◆ **SUPPLIED MATERIAL**:
○ ○ ○ ○
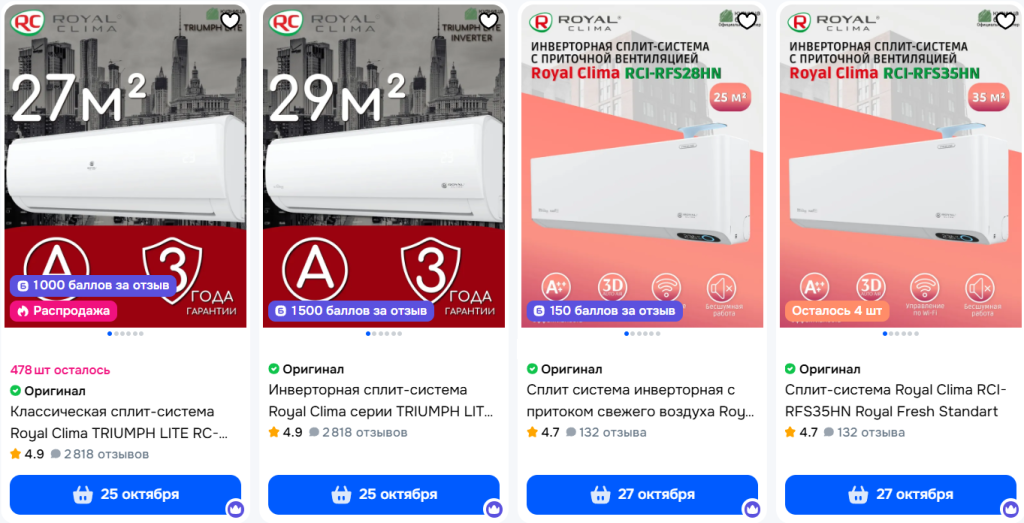 Как выбрать Royal Clima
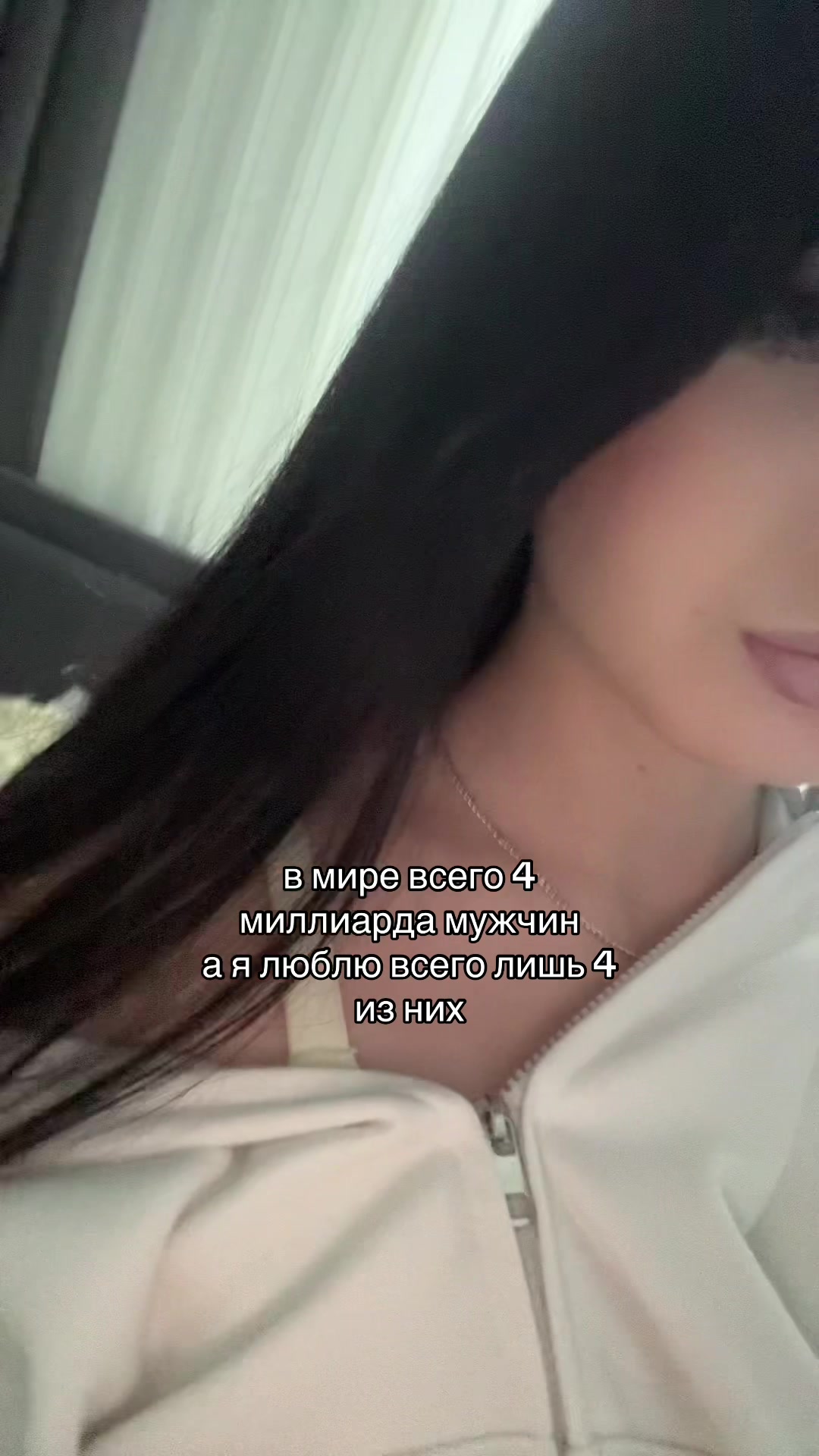 @you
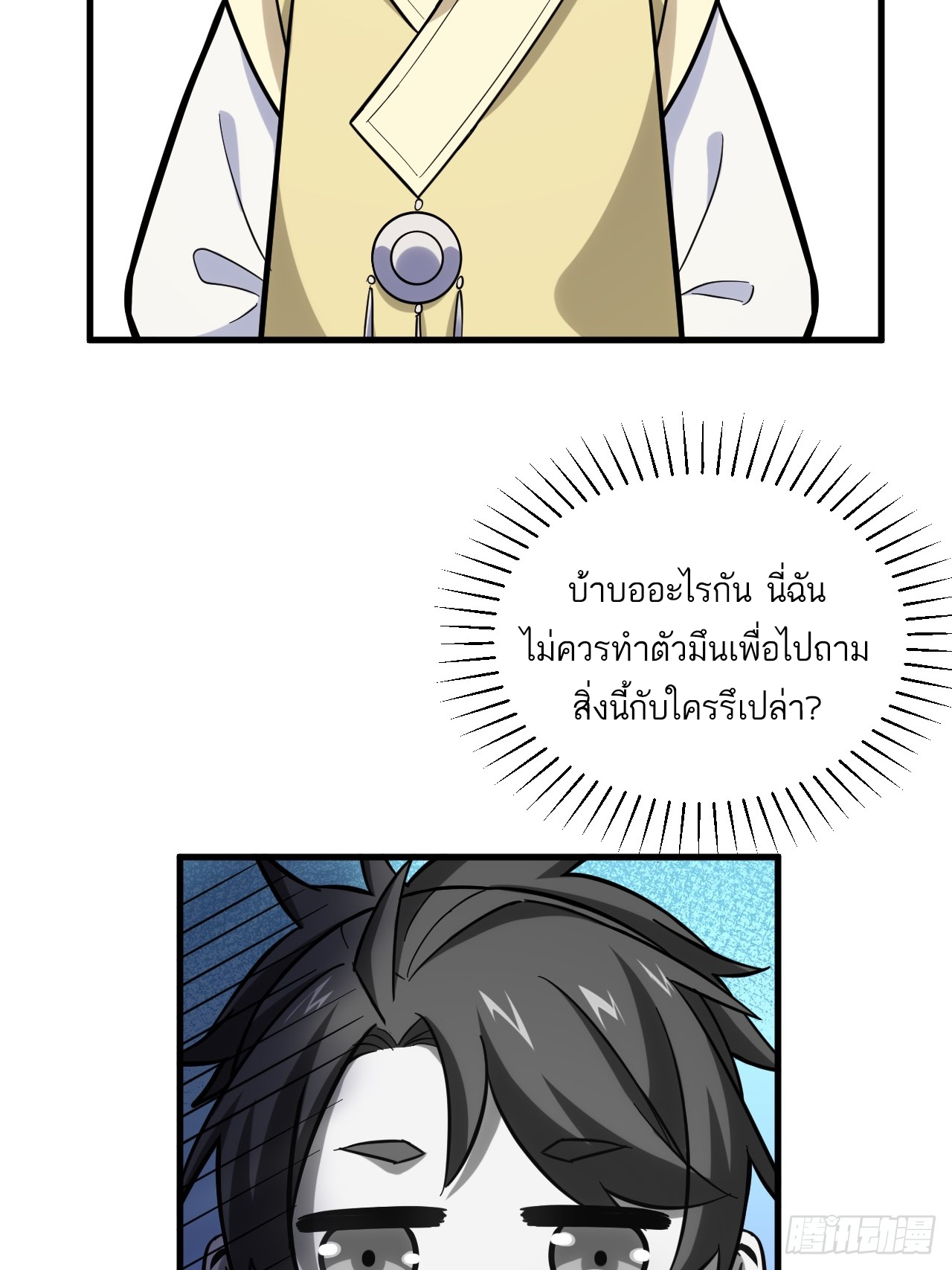 กำเนิดร่างเทวะบรรพกาล ตอนที่ 4 หน้า 21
○ ○ ○ ○
◆ **EXERCISE AIM**: Leave the images aside and retype each line of the listing above exactly.

◆ **SOLUTION FOR THIS PROBLEM**:
 Как выбрать Royal Clima
 @you
 กำเนิดร่างเทวะบรรพกาล ตอนที่ 4 หน้า 21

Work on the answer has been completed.